### What is expected
Using the material below, return exactly the lines between the one holding "CNC Laser cutting" and the one holding "May include: Four", inclusive, and no others.

### Extracted records
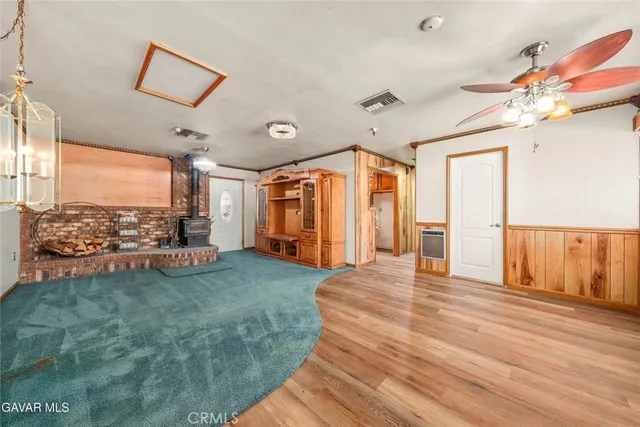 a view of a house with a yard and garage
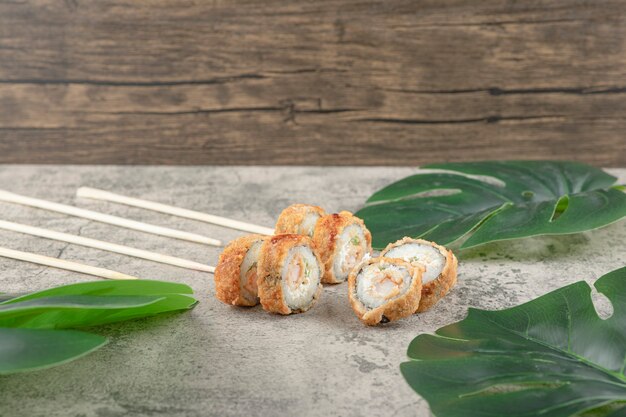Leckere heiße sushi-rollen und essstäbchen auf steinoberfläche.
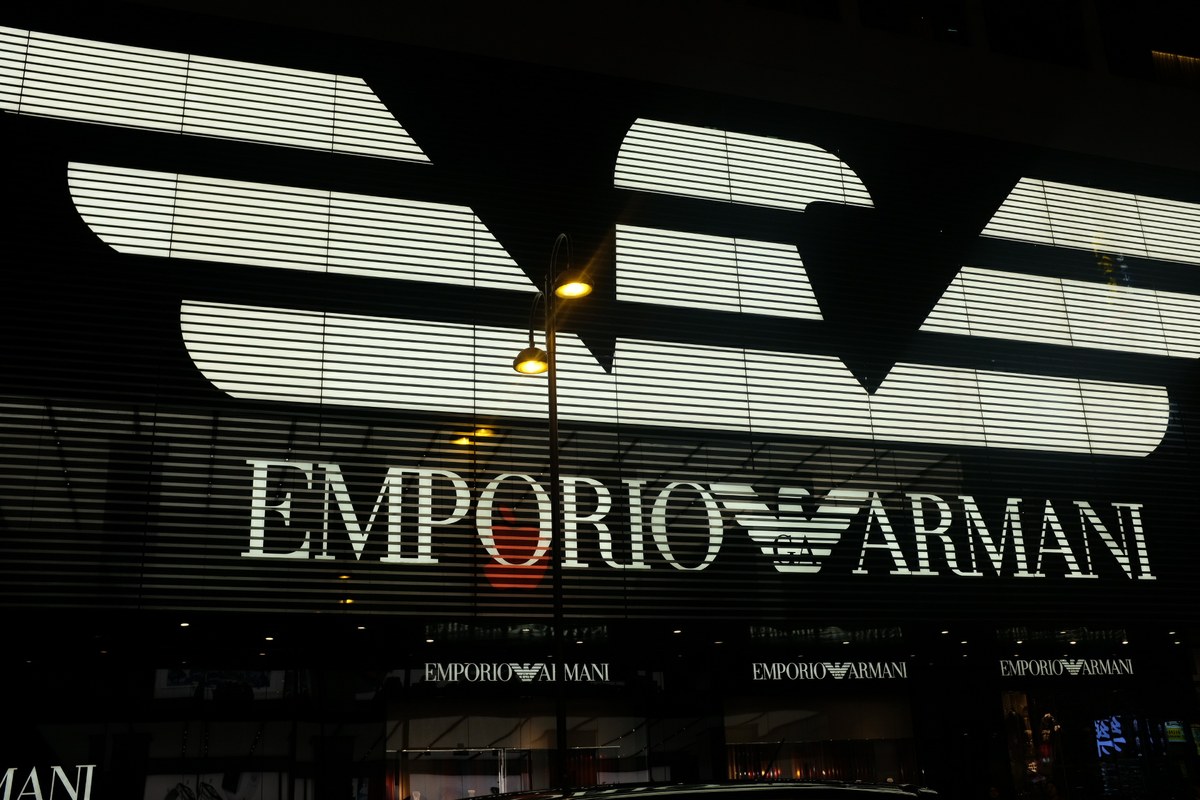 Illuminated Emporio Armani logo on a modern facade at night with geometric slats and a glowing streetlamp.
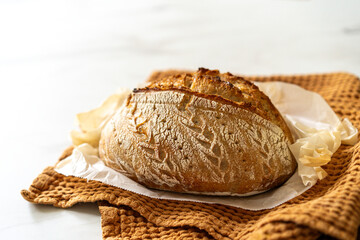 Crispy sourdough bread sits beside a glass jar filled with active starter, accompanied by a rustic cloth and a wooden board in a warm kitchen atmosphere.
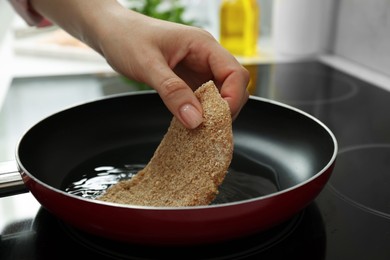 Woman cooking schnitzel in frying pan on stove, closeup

==

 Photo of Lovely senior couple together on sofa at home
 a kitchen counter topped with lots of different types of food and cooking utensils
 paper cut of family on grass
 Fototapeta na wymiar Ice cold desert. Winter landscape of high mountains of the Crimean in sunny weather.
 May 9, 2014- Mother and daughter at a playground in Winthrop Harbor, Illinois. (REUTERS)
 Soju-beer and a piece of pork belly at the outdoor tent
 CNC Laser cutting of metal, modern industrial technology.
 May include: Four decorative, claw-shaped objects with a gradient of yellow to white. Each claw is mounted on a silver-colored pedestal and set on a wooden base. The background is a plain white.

### Result of the exercise
 CNC Laser cutting of metal, modern industrial technology.
 May include: Four decorative, claw-shaped objects with a gradient of yellow to white. Each claw is mounted on a silver-colored pedestal and set on a wooden base. The background is a plain white.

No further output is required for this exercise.